And he does. He had to replace his Steinway with a larger one in November — one better able to withstand his thunderous pounding.

“The previous one — I kept breaking all the strings,” he said.

A student at Notre Dame Academy in Middleburg, Chen also attends an elite pre-college program at Juilliard. Each Friday, he and his mother drive five to six hours to the music school in Manhattan.

On the long drive, he takes in some reading — he’s currently in the middle of “War and Peace.”

But when home, he does little besides practice piano, bent on achieving his goal of becoming “a great concert pianist.”

“I don’t really take breaks, because I practice piano when I come home from school,” he said. “Then I eat dinner and practice more piano, and basically dinner’s my break. And also sometimes I practice piano in the morning, and school will be my break.”

On Thursday, he was up at 6 a.m. to begin practice. He tackles pieces methodically, his mother said — section by section, movement by movement, and commits them to memory.

His routine sometimes worries his mother, who has sacrificed everything for her son’s gift since he arrived in the United States in 1999 from Beijing.

“I say, ‘Do some other things. Keep the piano as an interest and study another major. You don’t have to spend all your life on this. . . . You’re going to get married, you’re going to have children, you’re going to have a wife, a family.’ ” But Chen will not be deterred, and he is quick to reference the lives of other great pianists in defense of his practice habits.

“He said, ‘I don’t get it. [Vladimir Davidovich] Ashkenazy and so many others, they have plenty of children, they have a family, they still play concerts,’ ” his mother said.

Matti Raekallio, a Finnish-born concert pianist and Chen’s instructor at Juilliard, said the boy’s greatness stems from the combination of an innate ability to unlock technical puzzles, a deep respect for music and a diligent approach to his studies.

“It is unusual for a 14-year-old boy to play all the 24 Chopin Etudes the way John does,” Raekallio wrote in an e-mail. “His ear-hand-connection works fabulously well. He has a very quick intellect, enabling him to grasp effortlessly the structure of the large-scale works that he studies. . . . What I like perhaps the most about him is the unaffected seriousness with which he approaches music and his work.”

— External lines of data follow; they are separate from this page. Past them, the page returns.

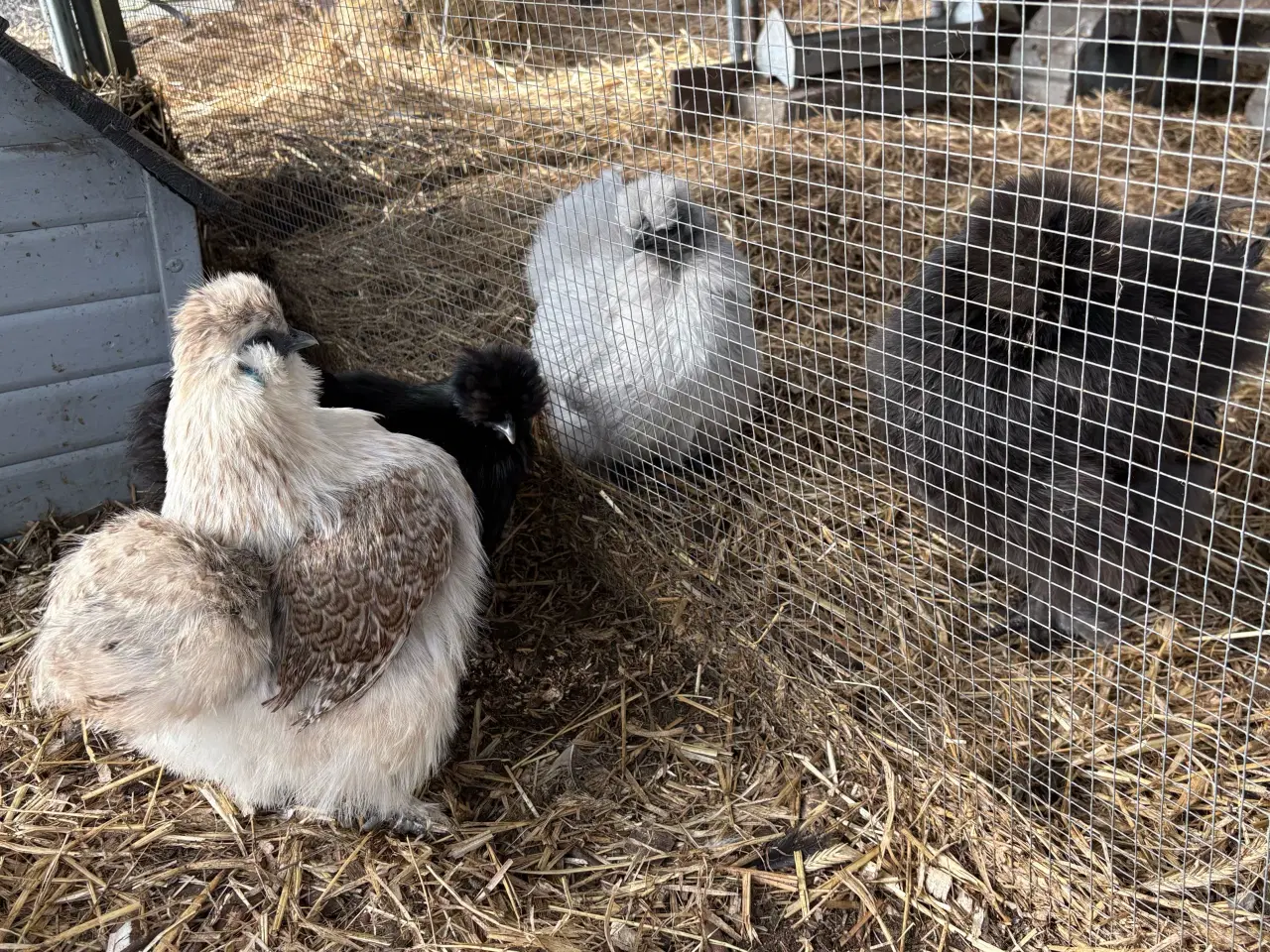 Billede 3 - Daggamle silkie kyllinger - klækker 27 Marts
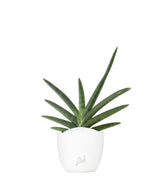 Sansevieria Motum Kenya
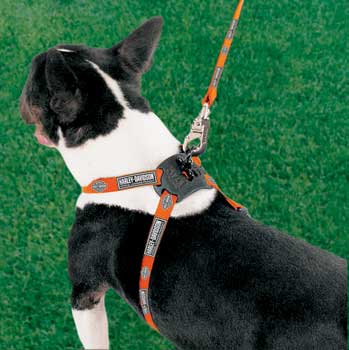 Coastal Pet Products CCPH6348COB Cat Adjustable Harness - Harley Davidson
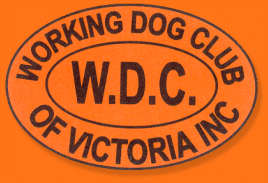 WDCV Logo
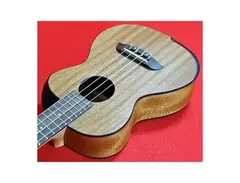 Oscar Schmidt OU200C-M Concert main image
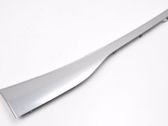Front door trim (molding)
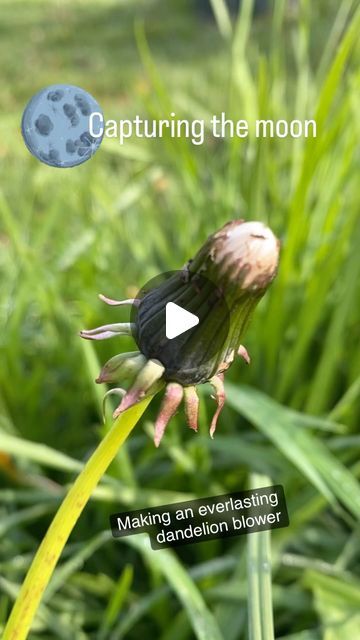 Forage_from_nature on Instagram: "Capturing the moon - making an everlasting dandelion blower.  I came across a wonderful reel done by @mudnbloom about making a everlasting dandelion clock and I wanted to try it for myself.  Check out their page for some great projects and follow this link for a detailed instruction guide on how to make your own https://www.mudandbloom.com/blog/everlasting-dandelions  #dandelions #dandelionclock #dandelionclocks #capturingthemoon #dandelion" Everlasting Dandelion, Dandelion Clock, Turin, How To Make Your, Try It, The Moon, Dandelion, Make Your Own, Clock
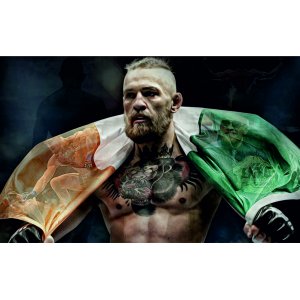 Наклейка на машину "UFC Ultimate Fighting Championship полноцветная версия 1"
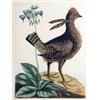 Image 2 : AN 18TH CENTURY HAND-TINTED ORNITHOLOGICAL LITHOGRAPH OF "NIGHT HAWKS" BY ALEXANDER WILSON
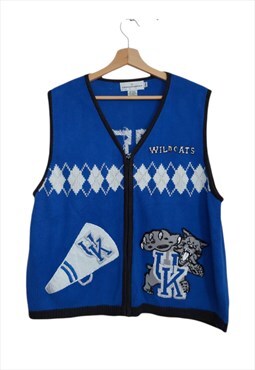 Castles Sports 1990's vintage Wildcats sweater vest 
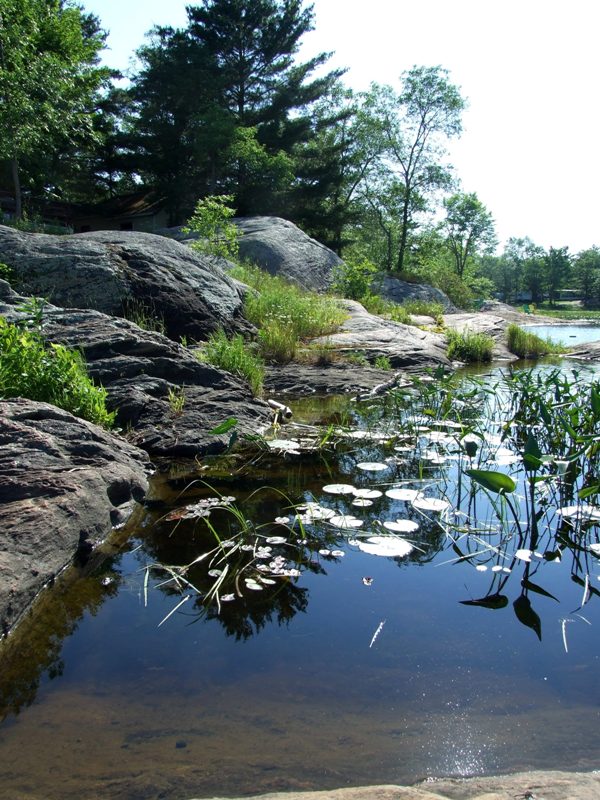 Elm Cove shoreline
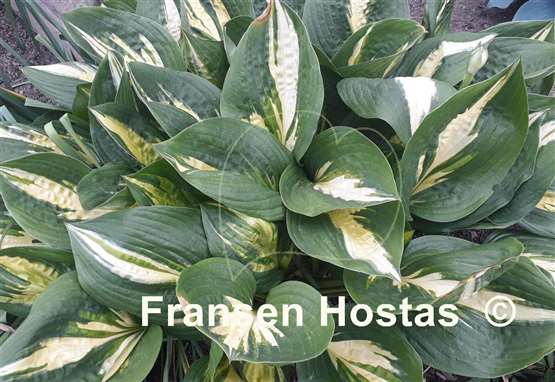 Hosta American Sweetheart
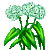 【Flowergame】养花游戏攻略(待完善) 148915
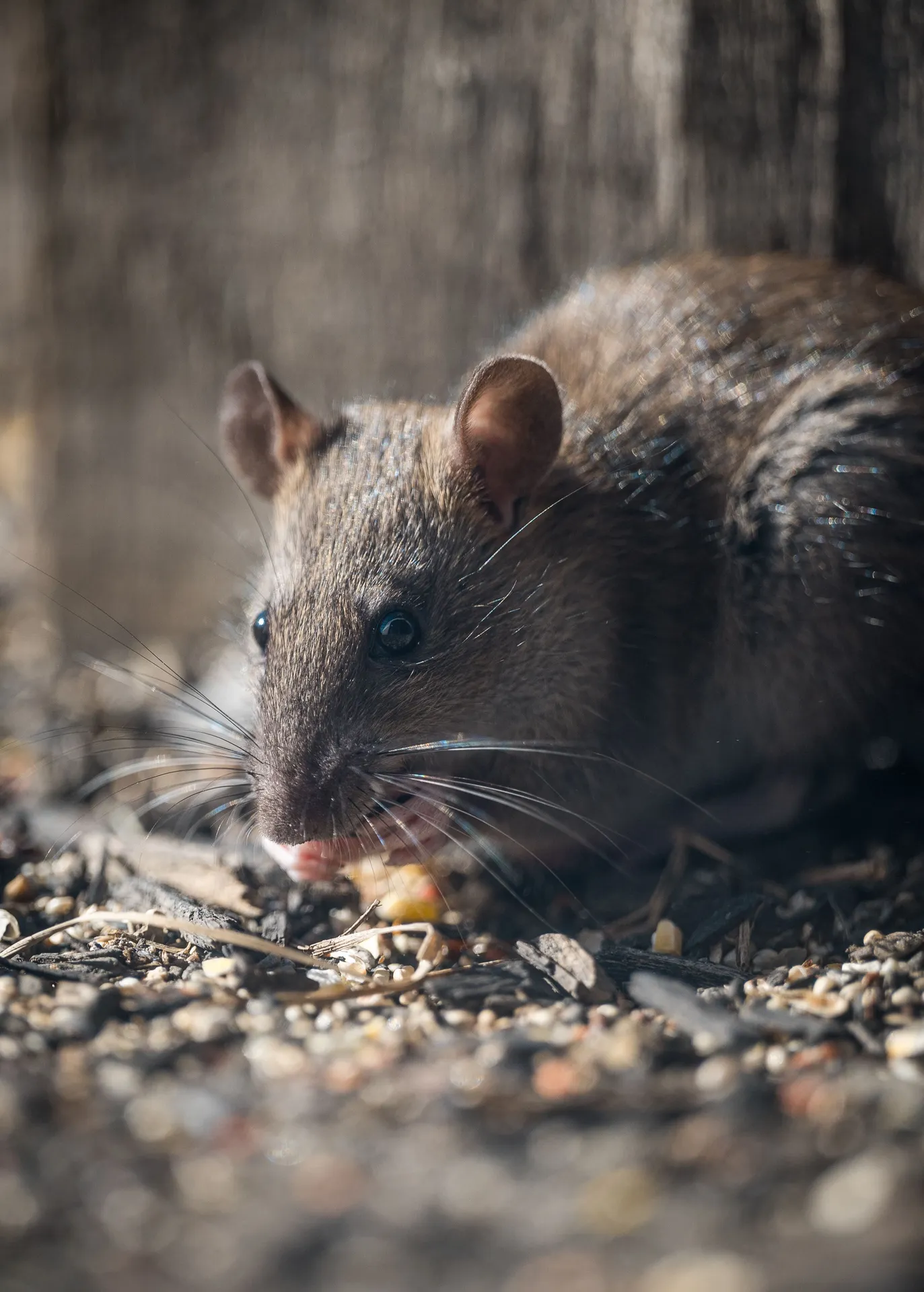 Dératisation — rats & souris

Chen’s rare talent was also apparent to officials at his former school, who adjusted his class schedule to allow him to travel and rehearse.

“It is often the case that with the kinds of families and children who come to our school that there’s just a lot of talented kids in the community,” said Loudoun Country Day’s headmaster, Randy Hollister. “And we’ll often hear, ‘This child really excels at this or that.’ You hear that kind of thing frequently. Then when you encounter a talent of this magnitude — it’s really something.”

It’s a talent Chen has been developing since he was 4 years old, when his grandmother in Beijing unlocked the instrument for him — literally.

“There was a piano in the apartment, and I wanted to play it, but it was locked,” he said. “So my grandma unlocked it for me, and I played a few notes, and I liked it. I loved it right away.”